The next day, Patience, still disguised as Mr. Gavett, leads Fletcher to Cutting, who appears to be rotting alive, and leaves them to kill Reverend Russell. Fletcher stabs Cutting out of mercy and sets off to stop Patience. They meet as the sun sets and fight viciously until both are mortally wounded. As they lie bleeding out from their wounds, they begin having sex. At the moment of climax, a bright light emanates from the altar into the sky. Patience experiences an even more rapid pregnancy than Flora and gives birth to the demon moments before succumbing to her wounds. The demon first appears as a blinding white light, but transforms into a silhouetted horned figure. Fletcher, with his dying breath, asks that the demon forever curse the town of Sudbury.

==Production==
Pre-production on The Sudbury Devil began when Rakich wrote the first draft of the script around Halloween 2019 while he worked to expand his YouTube channel "Atun-Shei Films." He later ran a crowdfunding campaign on Indiegogo in March 2020 to raise additional funds for filming, which was hampered by the outbreak of the COVID-19 pandemic.

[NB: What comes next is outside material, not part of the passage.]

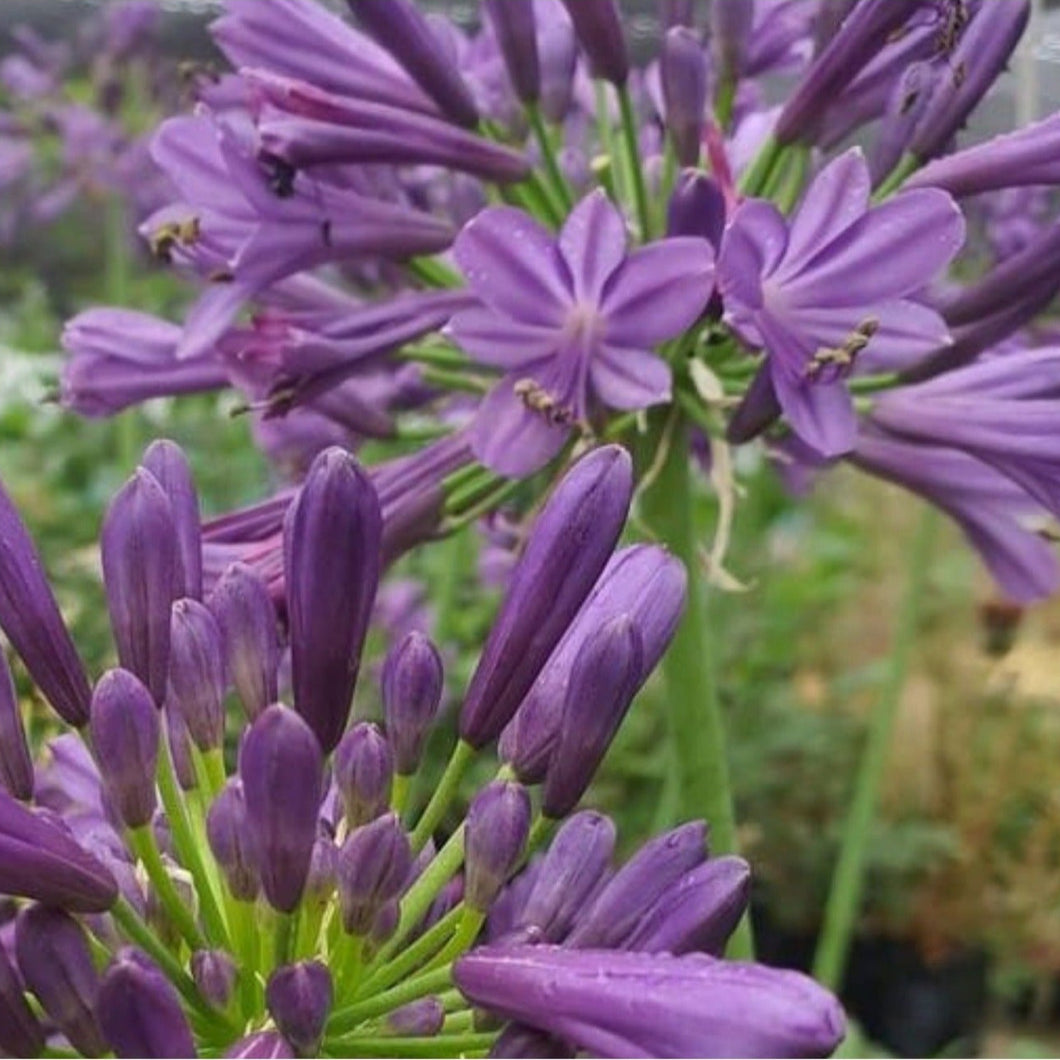 Agapanthus Praecox Purple Delight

In a 2023 interview with Dread Central, Rakich recalled, "The timing for that crowdfunding was disastrous. It was March 2020, and COVID hit with full force halfway through. Donations dried up completely. We were set to film in May, but within a week it became apparent that wasn't going to happen." The delay ended up being a blessing in disguise for Rakich, however, as the timing coincided with his YouTube channel taking off and gave him more time to polish the script.

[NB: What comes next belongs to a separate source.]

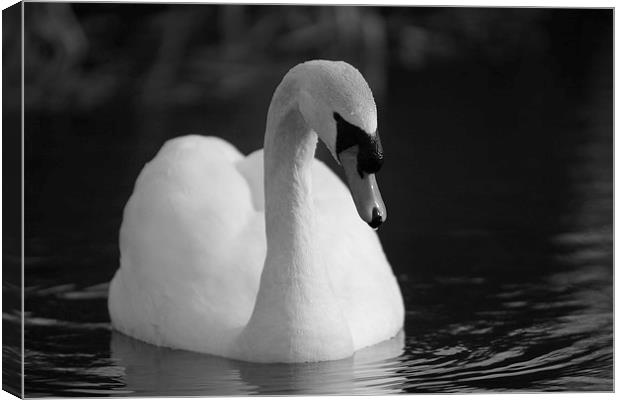 Peaceful Swan Canvas Print by Rob Seales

Rakich was able to use funds raised from his Patreon page and YouTube channel during the extended pre-production to further finance the film, bringing the production budget up to roughly $25,000. Principal photography took place over two weeks in April 2022. Filming locations included the historic Josiah Keith House in Easton, Massachusetts, and the mountains of Hampshire County, Massachusetts. Post-production took place over the next year-and-a-half and concluded shortly before the film's release in September 2023.

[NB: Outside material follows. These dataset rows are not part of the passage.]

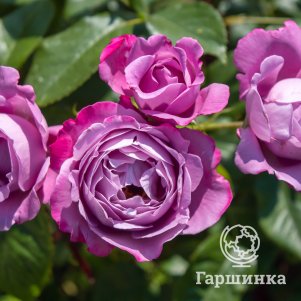 Роза Блю Ривер чайно-гибридная, Питомник роз - фото 1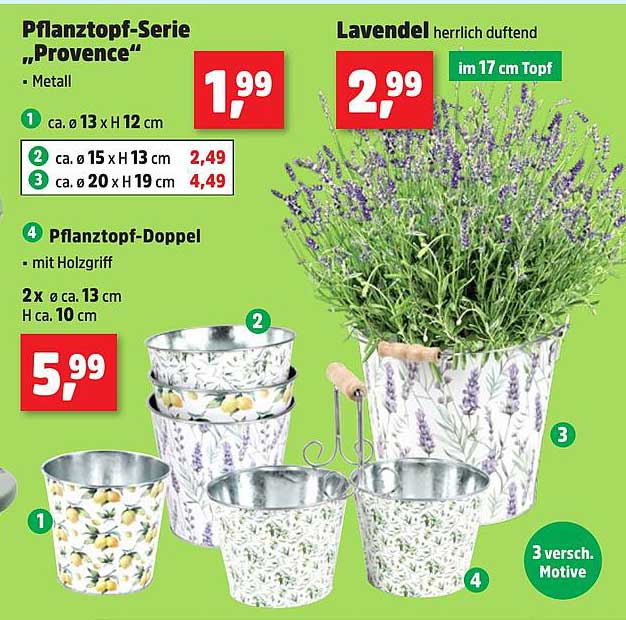 Pflanztopf-Serie „Provence“ und Lavendel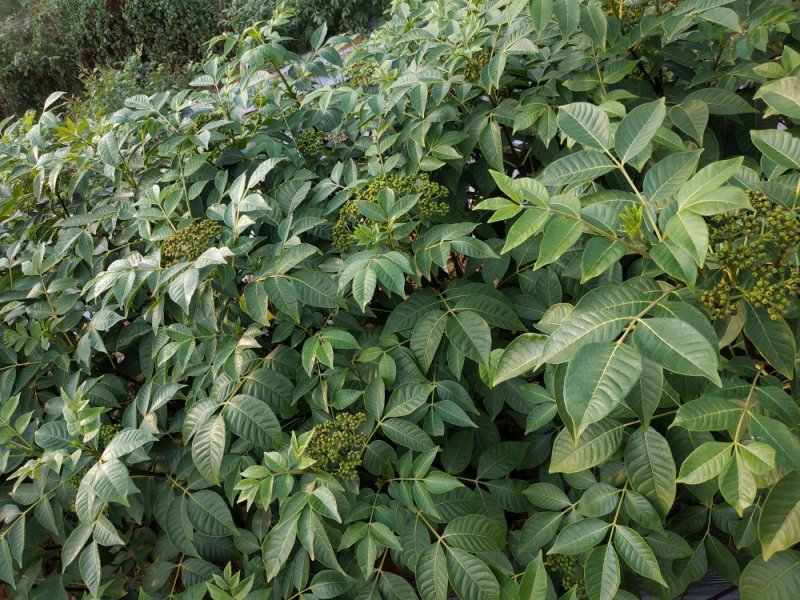 江西，樟树，中花吴茱萸苗木，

Unlike most traditional production models, The Sudbury Devil was made as a cooperative film production. The cast and crew were all given no upfront fee and instead worked for a first-dollar gross percentage of the film's box-office revenue.

The film was executive produced by the author Tabitha King.

==Release==
The film's premiere was held on September 9, 2023, at The Satanic Temple in Salem, Massachusetts. This was followed by a limited theatrical run that included screenings across the United States, Australia, and the United Kingdom.

Rakich turned down multiple offers from film distributors owing to what he perceived as unreasonable terms, opting instead to self-distribute the film through the Atun-Shei Films website via video on demand in December 2023. In an interview with Daily Grindhouse, Rakich remarked, "Part of the reason we went with self-distribution was that by releasing through Vimeo's VHX service, we could basically get a much larger slice of the pie than by going through a traditional distributor. The cast and crew got the money that we made right away. A week after the movie came out, they had money in their bank accounts."

==Reception==
Giallo Julian of Dread Central highly praised the film, describing it as "beautifully shot, well-performed, suitably eerie, and appropriately grotesque," adding, "any other indie flick will be hard-pressed to surpass The Sudbury Devil by this year's end."